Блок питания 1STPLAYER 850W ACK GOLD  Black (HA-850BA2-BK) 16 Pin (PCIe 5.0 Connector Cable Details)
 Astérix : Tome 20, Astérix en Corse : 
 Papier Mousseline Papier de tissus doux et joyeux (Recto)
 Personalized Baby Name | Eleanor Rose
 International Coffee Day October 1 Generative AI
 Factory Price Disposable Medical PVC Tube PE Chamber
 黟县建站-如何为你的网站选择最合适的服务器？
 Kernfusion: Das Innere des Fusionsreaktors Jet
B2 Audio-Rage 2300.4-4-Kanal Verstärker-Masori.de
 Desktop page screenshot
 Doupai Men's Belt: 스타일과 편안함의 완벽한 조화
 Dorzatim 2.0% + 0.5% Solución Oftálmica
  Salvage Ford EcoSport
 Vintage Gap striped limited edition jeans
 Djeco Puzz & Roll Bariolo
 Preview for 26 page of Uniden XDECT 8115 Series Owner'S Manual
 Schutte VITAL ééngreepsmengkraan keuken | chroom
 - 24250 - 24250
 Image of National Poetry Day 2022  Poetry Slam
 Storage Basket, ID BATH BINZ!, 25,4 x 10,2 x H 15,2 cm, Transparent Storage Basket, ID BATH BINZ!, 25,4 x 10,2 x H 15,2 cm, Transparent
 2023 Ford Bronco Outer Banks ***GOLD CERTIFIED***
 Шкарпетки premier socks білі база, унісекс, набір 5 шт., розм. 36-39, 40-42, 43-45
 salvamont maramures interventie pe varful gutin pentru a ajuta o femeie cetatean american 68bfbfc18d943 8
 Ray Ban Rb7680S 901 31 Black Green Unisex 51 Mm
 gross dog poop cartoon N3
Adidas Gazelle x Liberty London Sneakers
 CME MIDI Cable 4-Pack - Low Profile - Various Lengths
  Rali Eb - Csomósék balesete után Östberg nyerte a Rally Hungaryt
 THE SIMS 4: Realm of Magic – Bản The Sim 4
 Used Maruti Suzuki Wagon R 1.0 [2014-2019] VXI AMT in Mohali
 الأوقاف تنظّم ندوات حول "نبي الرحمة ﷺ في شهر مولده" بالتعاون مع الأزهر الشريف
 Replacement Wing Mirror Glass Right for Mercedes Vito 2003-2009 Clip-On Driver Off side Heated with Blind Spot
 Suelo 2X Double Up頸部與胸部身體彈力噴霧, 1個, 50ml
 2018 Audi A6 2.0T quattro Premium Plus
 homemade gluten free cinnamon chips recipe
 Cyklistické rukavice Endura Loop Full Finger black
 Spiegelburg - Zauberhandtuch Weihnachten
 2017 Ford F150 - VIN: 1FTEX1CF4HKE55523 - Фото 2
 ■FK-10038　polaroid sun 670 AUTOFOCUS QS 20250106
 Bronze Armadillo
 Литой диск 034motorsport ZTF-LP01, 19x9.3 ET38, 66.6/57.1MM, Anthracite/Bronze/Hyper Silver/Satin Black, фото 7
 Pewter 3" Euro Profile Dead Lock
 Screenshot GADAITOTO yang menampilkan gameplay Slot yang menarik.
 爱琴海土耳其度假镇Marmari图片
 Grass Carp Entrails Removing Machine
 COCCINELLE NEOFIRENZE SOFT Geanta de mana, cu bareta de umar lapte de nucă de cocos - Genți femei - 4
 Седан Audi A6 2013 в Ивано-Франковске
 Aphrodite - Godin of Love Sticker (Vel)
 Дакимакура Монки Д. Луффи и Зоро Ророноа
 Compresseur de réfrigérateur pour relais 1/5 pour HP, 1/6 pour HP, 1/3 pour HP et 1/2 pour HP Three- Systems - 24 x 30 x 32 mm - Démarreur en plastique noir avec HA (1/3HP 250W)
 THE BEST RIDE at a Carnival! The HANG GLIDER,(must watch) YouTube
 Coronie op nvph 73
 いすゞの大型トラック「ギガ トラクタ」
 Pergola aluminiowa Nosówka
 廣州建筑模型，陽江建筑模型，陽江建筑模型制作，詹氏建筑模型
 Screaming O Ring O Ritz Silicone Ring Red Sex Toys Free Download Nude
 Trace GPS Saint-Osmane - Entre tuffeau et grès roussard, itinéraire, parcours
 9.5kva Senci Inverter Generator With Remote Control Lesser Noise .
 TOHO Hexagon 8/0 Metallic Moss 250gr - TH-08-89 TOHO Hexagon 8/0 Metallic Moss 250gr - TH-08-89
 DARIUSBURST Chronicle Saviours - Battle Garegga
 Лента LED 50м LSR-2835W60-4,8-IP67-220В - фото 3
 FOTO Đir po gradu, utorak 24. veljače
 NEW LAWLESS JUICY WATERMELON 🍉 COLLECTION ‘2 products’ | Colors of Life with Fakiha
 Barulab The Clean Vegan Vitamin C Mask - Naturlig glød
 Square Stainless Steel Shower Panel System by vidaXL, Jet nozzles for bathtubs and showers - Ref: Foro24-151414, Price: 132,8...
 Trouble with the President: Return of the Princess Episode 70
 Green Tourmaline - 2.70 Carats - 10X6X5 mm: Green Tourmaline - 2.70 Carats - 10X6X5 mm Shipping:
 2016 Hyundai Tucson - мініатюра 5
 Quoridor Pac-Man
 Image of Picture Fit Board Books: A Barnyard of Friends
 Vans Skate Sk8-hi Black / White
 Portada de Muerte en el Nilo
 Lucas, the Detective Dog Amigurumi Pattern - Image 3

= Problem to work on =
Locate all lines in the listing above with the word "Ford". Copy them.

= Answer space =
  Salvage Ford EcoSport
 2023 Ford Bronco Outer Banks ***GOLD CERTIFIED***
 2017 Ford F150 - VIN: 1FTEX1CF4HKE55523 - Фото 2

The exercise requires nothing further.